How you think about happiness will determine how happy you really are

How you think about happiness will determine how happy you really are

It might surprise some of you to learn (or maybe it won’t) that there are many different ways one can think about and define happiness.

Happiness, in what might be considered its simplest form, is feeling good; it’s one of many forms of positive emotion and as such, is important for the living of a positive life.

Happiness can also be used to refer to thriving and flourishing, or living our best lives, which refers to a deeper and more enduring form of positivity that includes positive emotions, like happiness, but also positive relationships and positive meaning and much, much more.

But happiness can also mean something more than feeling good or even living good; happiness can be used to refer to doing good, to being generous and altruistic and taking the definition(s) way beyond what it means just for us as individuals and thinking more about what it means for us as families, communities, societies and the world at large.

And I could go on and on and provide even more definitions but …
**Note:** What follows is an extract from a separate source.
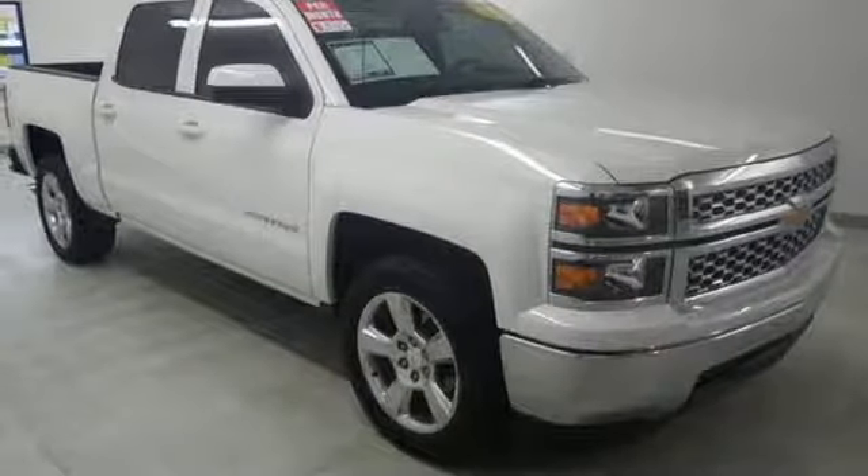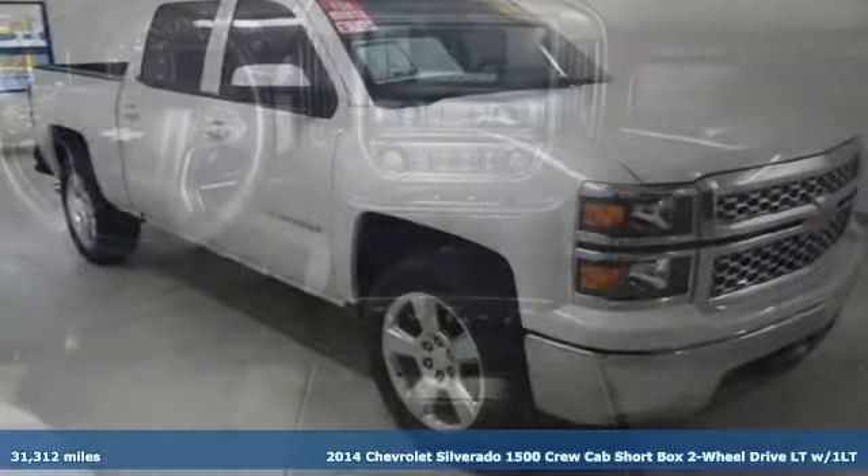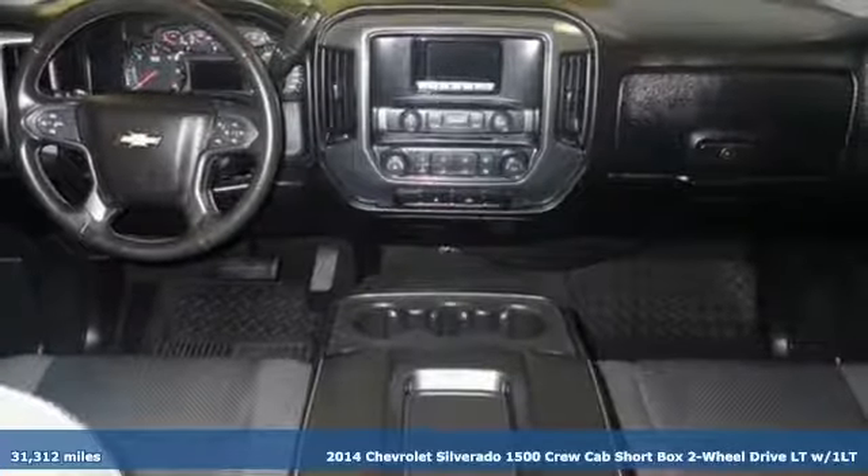Here's a 2014 Chevrolet Silverado 1500. In a Chevy, the journey matters more than the destination.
Not surprisingly, the version of happiness you choose will affect how much happiness you enjoy, and also how you live your life. 
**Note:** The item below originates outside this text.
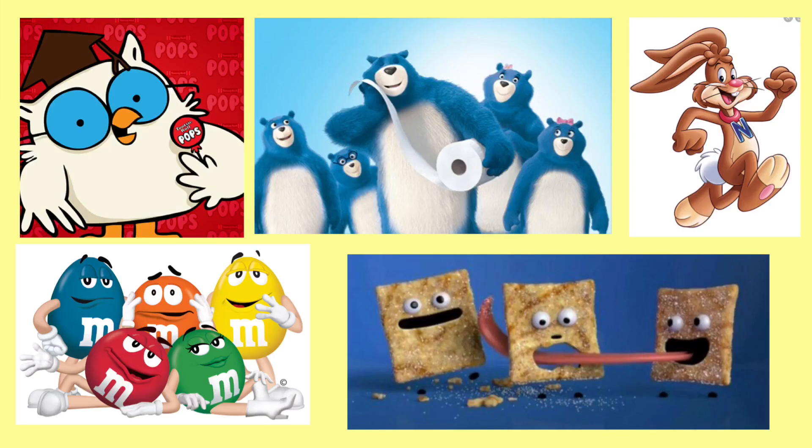Here are some pops that could definitely be coming and what I personally want. In the top left corner we have Mr. Owl — there's a really good chance of this being made into a pop because there's already a mystery mini for it, so they have the licensing for the character. Then we have the Charmin Bears to the right of Mr. Owl. To the right of those we have the Nesquik Bunny — this is something I definitely want to see made by Funko, and it has a huge possibility since they've made a lot of ad icons really similar to it.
Everyone’s different and so different definitions will be more or less relevant for different people; and even different definitions will be more or less relevant to different people at different stages of their lives.

But taking this all into account, my reading of the research and my understanding based on decades of study and practice as a psychologist in various contexts is … that the more selfless versions of happiness are more meaningful and less susceptible to daily ebbs and flows. Caring more for and being more considerate of others might mean some personal sacrifices in the short term, but is more likely to lead to more enduring benefits in the long term.

Consistent with this, other research has suggested that as we’ve become more individualistic and possibly narcissistic in recent decades, we’ve also become less happy. 

Think about that; and think about how you’d like to think about your happiness.